You’ve recently hired a new employee. Within the first few months, he approaches his job with enthusiasm, excitement and new ideas. However, after about six months, you notice his energy begins to wane. Now, instead of offering a fresh perspective and creative ideas, he muddles through the day checking off only what has to be done. Does this sound like a familiar scenario? If you have ever managed people, you have probably grappled with how to keep your team motivated past the honeymoon phase.
Often, it is not the company, the type of work or an employee’s lack of desire that dampens enthusiasm, but rather management. The Enthusiastic Employee by David Sirota and Douglas Klein will make any manager take a fresh look at how well they are meeting the needs of their employees. This book argues that almost all employees have a desire to make a positive difference.
Sirota and Klein use a massive amount of research, including nearly 200,000 write-in comments from employee surveys to better understand human motivation.
They do a great job of incorporating years of data to support their points without bogging the reader down with unnecessary statistics.
All companies want enthusiastic employees, characterized by those who take the initiative to get things done without being asked. Enthusiasm impacts business success. However, out of all the organizations the authors have surveyed since 1972, only 13.8 percent could be categorized as having “an enthusiastic workforce.” So where does a manager begin? I suggest Sirota’s and Klein’s “Three Factor Theory of Human Motivation in the Workplace.”
This theory states there are three primary goals that all employees want regardless of their generation:
To be treated fairly
To have a sense of accomplishment by doing things they take pride in and doing them well
To have satisfying relationships with others in the workplace
Sirota and Klein do a great job of describing what each of these mean to employees. They give tactical changes managers can make to meet these three goals today. After reading this book, you will think differently about employees’ most basic needs, such as job security and respect.

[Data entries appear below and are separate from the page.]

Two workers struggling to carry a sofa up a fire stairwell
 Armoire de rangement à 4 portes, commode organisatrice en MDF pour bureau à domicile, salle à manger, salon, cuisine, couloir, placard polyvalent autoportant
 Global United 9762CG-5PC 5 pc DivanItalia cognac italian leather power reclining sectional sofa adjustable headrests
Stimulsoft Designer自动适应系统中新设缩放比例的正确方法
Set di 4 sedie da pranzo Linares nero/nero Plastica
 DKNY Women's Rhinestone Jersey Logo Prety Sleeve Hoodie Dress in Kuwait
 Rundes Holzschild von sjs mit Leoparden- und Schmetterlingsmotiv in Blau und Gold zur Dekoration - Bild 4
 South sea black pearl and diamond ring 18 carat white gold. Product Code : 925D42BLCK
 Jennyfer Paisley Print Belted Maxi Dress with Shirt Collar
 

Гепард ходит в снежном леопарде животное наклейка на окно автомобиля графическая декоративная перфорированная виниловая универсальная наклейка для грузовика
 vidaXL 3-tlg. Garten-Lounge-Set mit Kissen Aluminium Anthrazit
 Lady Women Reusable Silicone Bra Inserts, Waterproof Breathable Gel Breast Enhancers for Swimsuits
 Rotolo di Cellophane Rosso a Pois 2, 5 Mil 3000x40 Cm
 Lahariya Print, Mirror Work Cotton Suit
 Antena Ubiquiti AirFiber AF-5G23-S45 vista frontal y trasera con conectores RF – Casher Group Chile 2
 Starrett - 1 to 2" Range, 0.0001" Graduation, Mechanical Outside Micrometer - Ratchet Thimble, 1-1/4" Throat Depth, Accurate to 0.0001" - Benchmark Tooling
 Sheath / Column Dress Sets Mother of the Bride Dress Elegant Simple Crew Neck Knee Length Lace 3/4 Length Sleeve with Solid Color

No manager wants to admit she doesn’t provide a respectful environment or is not meeting her employees’ needs in some other way. Put aside what you THINK you know about motivating employees and take a fresh look at what Sirota and Klein have to say.
The Enthusiastic Employee is easy to read and has many different entry points that don’t need to be read in order. Unless you have an entire organization that runs happily to work every day, this book will help you hone in on the areas that need improvement or just perfect things you are already doing well.